LAST ORDERS AT THE FCC There was no champagne countdown at midnight, just a group of friends taking a moment from partying to sit round a television, and watch the flag-swapping.
'It's so much smaller than the Chinese flag,' Terry squealed, as his bauhinia flag was raised officially for the first time. 'Watch this,' a mother urged her seven-year-old, shaking him awake.
I looked around at the group: male and female, children and adult, local Chinese, overseas Chinese, expatriates, visitors. Most of us ready to shiver, yet somehow still feeling as if reality had not quite touched us on the shoulder.

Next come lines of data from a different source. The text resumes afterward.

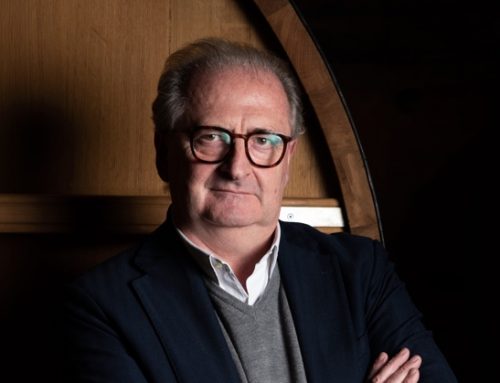 Puglia: Cantine Torrevento riacquista il 51% da Prosit Group e torna al 100% del controllo societario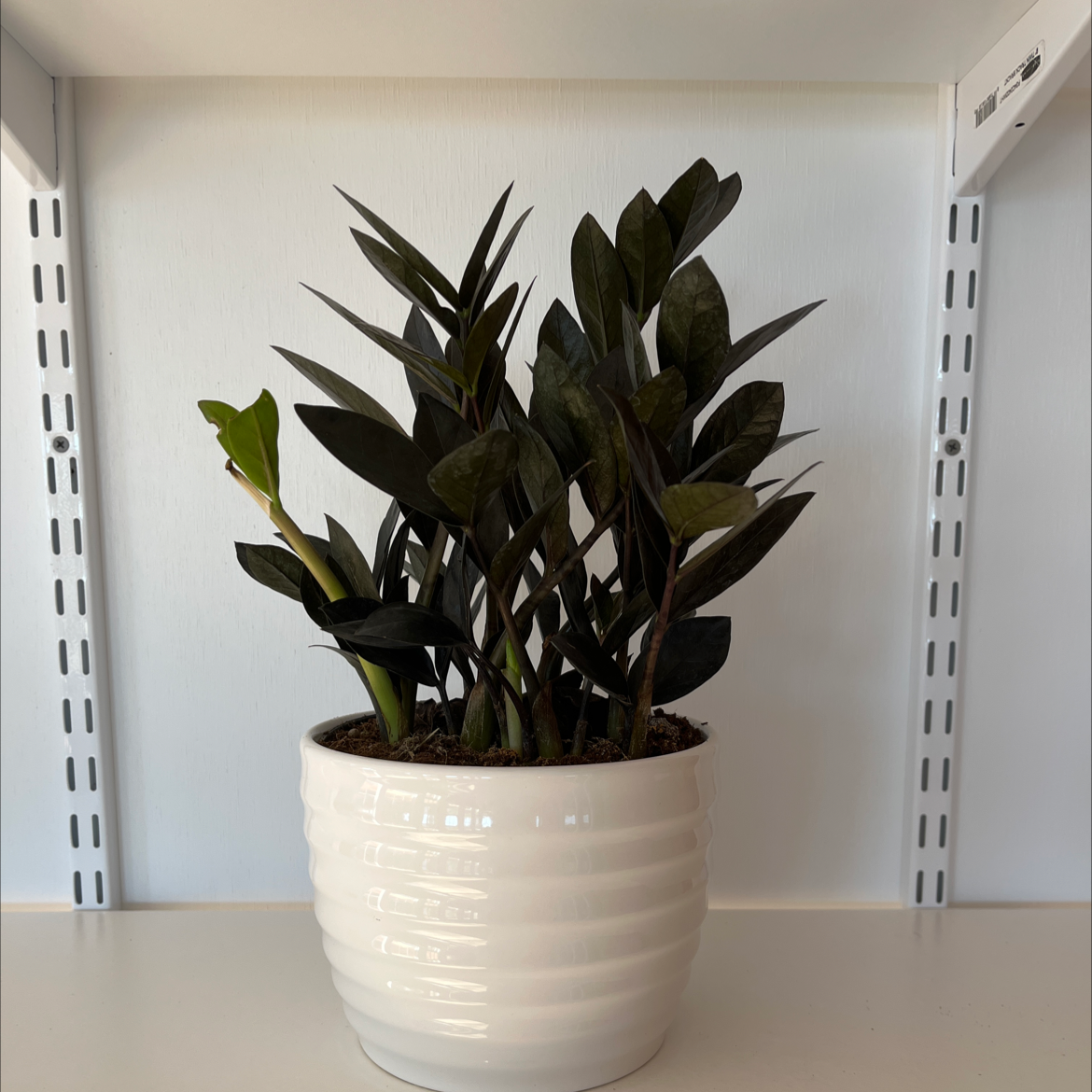 Raven ZZ Plant in a white pot with dark green to black leaves, healthy appearance.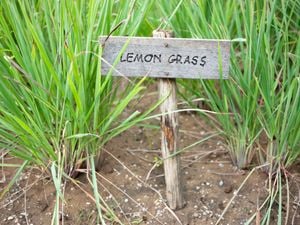 wide shot of lemongrass with a sign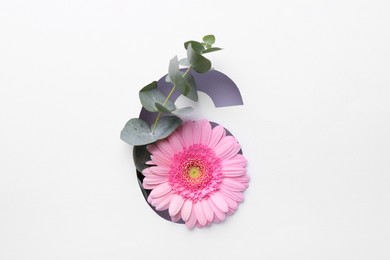 Photo of Number 6 shape hole in white paper with beautiful flower and eucalyptus branch, top view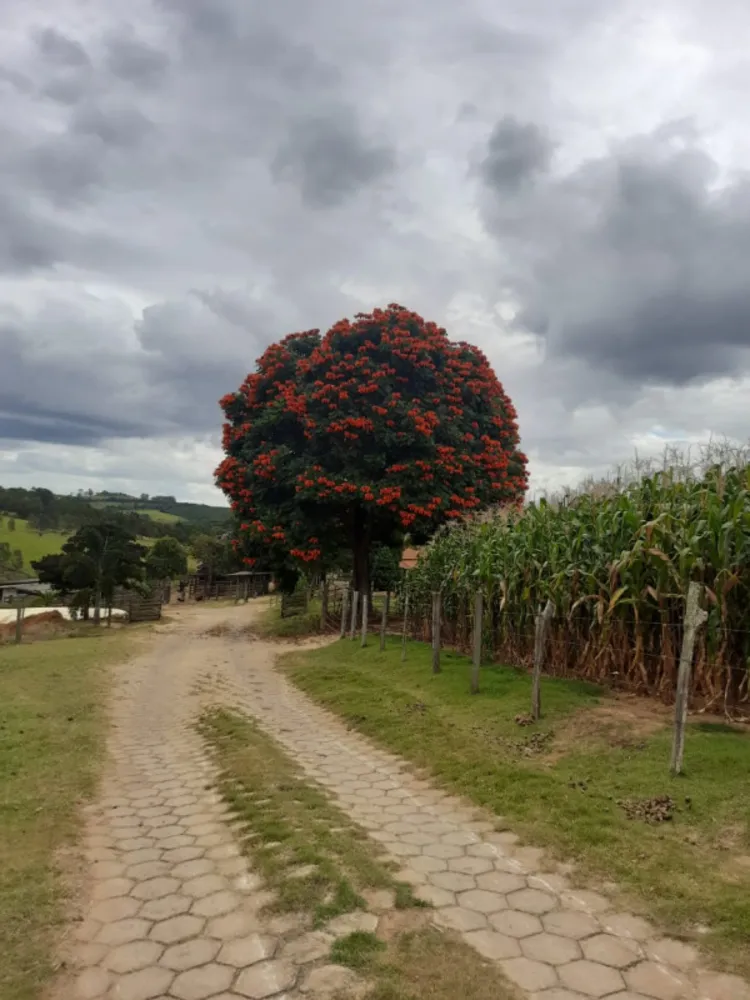 Fazenda, 4 quartos - Foto 3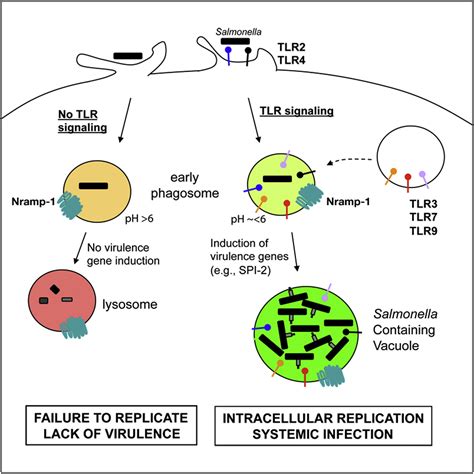 TLR Signaling Is Required For Salmonella Typhimurium Virulence Cell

After Prince Charles and the Pattens had left the Convention Centre, many of us escaped the moronic TVB commentary and rushed to the roof of the Hankow Centre. We watched the Britannia pull away across the water.
Earlier, we had seen the Tamar ceremony and fireworks (how inspired to have apple-shaped red and green fireworks during the William Tell overture) from the 13th floor of Hutchison House.
And much later, after a short stop at Statue Square at 2am to watch camera crews interviewing drunken revellers about their political views, the end of the evening was spent in the Foreign Correspondent's Club.
At 3am it was crowded and noisy: some people were sleeping at the tables. 'I saw it all,' one excited journalist said. 'Tamar, Britannia leaving, the PLA coming in,' he ticked off happily.